- Opening Delimiter -
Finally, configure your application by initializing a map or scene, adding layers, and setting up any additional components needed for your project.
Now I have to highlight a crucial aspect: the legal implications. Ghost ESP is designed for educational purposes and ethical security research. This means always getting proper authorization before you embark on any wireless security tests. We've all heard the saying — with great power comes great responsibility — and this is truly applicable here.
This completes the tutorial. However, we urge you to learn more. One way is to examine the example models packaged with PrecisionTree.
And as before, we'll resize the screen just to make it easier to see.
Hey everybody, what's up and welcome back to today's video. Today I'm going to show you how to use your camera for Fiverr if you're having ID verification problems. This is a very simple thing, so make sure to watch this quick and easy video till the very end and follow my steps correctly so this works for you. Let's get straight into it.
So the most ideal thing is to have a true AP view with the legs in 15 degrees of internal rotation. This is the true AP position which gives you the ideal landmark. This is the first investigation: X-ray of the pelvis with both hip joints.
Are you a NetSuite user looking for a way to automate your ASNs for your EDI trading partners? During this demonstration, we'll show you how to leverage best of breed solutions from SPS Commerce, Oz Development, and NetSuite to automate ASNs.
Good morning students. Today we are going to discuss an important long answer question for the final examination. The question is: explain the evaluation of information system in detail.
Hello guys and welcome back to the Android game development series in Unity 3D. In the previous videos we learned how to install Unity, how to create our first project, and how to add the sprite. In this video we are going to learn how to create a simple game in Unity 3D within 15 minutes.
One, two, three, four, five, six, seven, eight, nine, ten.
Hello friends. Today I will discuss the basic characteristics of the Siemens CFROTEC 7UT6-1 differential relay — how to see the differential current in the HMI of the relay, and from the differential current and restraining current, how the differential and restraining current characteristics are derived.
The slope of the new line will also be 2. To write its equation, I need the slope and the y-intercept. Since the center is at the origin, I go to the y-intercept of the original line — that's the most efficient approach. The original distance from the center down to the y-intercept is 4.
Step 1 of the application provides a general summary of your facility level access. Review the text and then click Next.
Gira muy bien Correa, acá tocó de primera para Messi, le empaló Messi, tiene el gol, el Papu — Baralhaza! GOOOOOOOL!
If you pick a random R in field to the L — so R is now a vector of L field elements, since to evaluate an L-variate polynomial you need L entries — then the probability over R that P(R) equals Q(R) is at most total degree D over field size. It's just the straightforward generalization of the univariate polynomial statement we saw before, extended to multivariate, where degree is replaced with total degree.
- Closing Delimiter -
[WORK TO BE COMPLETED]: Among the lines above, the ones holding the word "back" must be counted; only that count is to be given.

[TASK RESPONSE]: 2